Available data sources are in the dataSources folder. If none of them fulfill your needs, write a new class that fulfills the interface of DataSource.js. More can be found in that file.

How do we give your visualizer data? Higher-order components! track/commonComponents contains track-specific HOCs; their names start with config- or with-.

configStaticDataSource requests a callback that returns a DataSource and then returns a function that wraps React components. After you use this function, a component will automatically receive three props data, isLoading, and error. These update with the browser’s current view region. In particular, the HOC guarantees synchronization of the data prop with the current view region if isLoading is false.

2. Specify context menu components (implement getMenuComponents())

Specify context menu items with an array of components. You can choose existing ones in the contextMenu directory or make new ones.

  • Make sure the method returns Component classes, not component instances.

3. Specify default options

Default option objects look like the options prop of TrackModel objects. Context menu items will read these options if the track model does not specify them. Make sure these options are consistent with the way you are rendering your track component! The configOptionMerging HOC should help with that.

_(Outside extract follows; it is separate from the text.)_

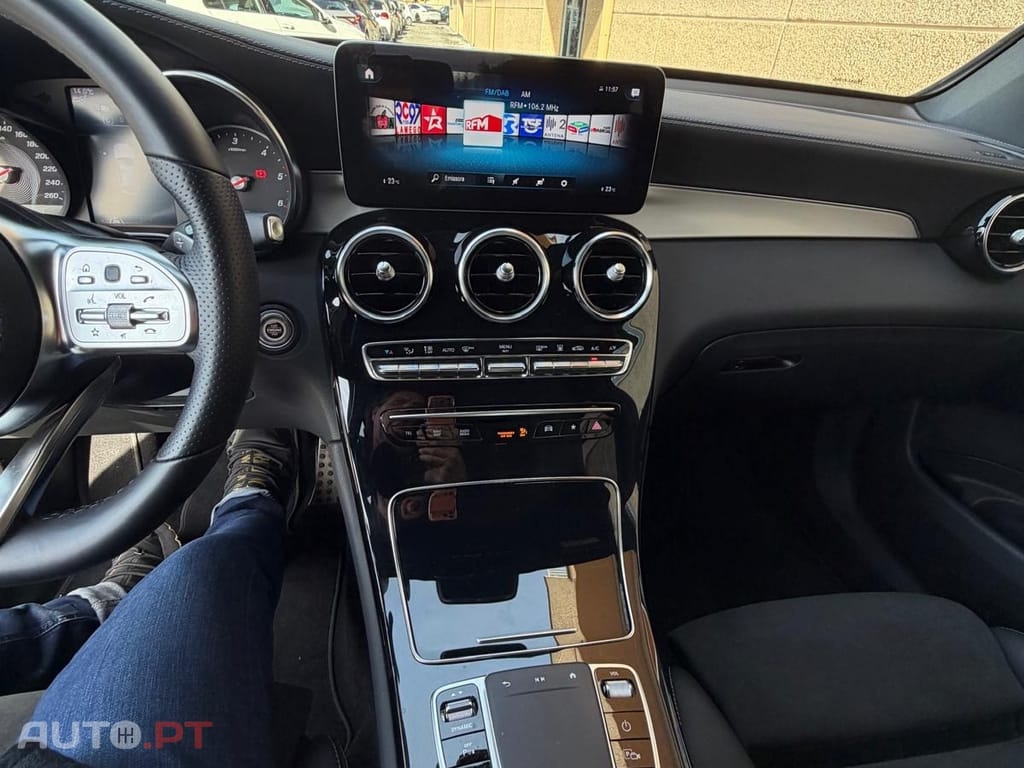 Mercedes-Benz GLC 300 de 4Matic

Once you have a default options object, call setDefaultOptions() in the constructor of TrackConfig to use them.

Performance tips

Querying the width or height of any element, for example through clientWidth or getBoundingClientRect()is slow. Such queries take on the order of 2 to 20 ms. While it is fine to do it once or twice, avoid doing it in a loop. Suppose you aim to plot 500 data points on a SVG and for each point you query the SVG’s width. That is already a second or more of computation – very noticable to the user!

React (and other) gotchas

  • On Macs, control + click is the same as a right click which fires a contextmenu event. Note that click events do not fire on contextmenu events. The mousedown and mouseup events will still fire though.

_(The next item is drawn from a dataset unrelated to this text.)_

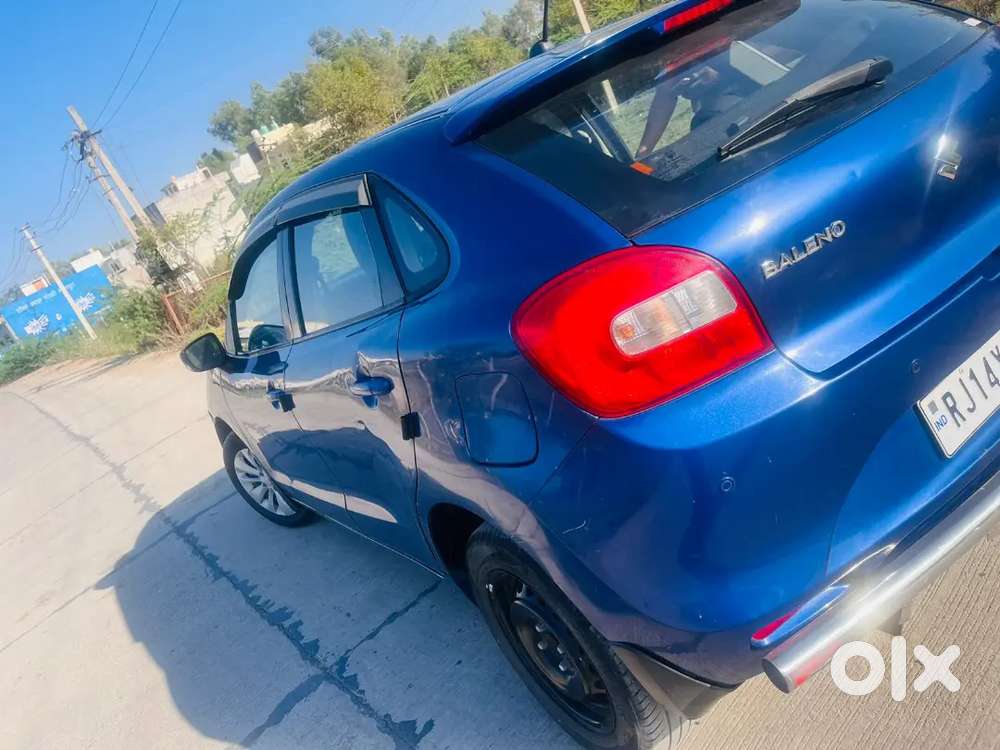 Maruti Suzuki Baleno 2017 Petrol 90000 Km Driven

  • When using native DOM events they take priority over React events. This is because React waits for events to bubble to the root component before handling them. This can cause undesirable effects: for example, calling stopPropagation() on a React event will not actually stop native events. This StackOverflow post may also help if you have propagation problems:

  • React always unmounts components if their parents change type. The Reparentable component works around this by using app-unique IDs, but it can cause side effects with React’s native events. Use with care.

  • Webpack does not support circular dependencies, and while compilation may be successful, an import may resolve as undefined at runtime.

Lessons trying to refactor into WebWorkers

  1. Data fetch and track display options are intimately related. For example, what if someone wants HiC data and selects the 5KB resolution option?

  2. Thus, for each track type, we have one object that gets the track component, default rendering options, and data fetch/processing.

  3. Webpack hangs forever if it encounters a cyclic dependency involving a webworker.

  4. The code as in (2) causes a cyclic depdendency. This cycle is [config object] –> [data source] –> [worker] –> [track config deserializer] –> [config object]

  5. We cannot have our cake and eat it too.

Unfortunately, this means we cannot pipeline all expensive computation in worker context, while also ensuring track component and data source live in the same place.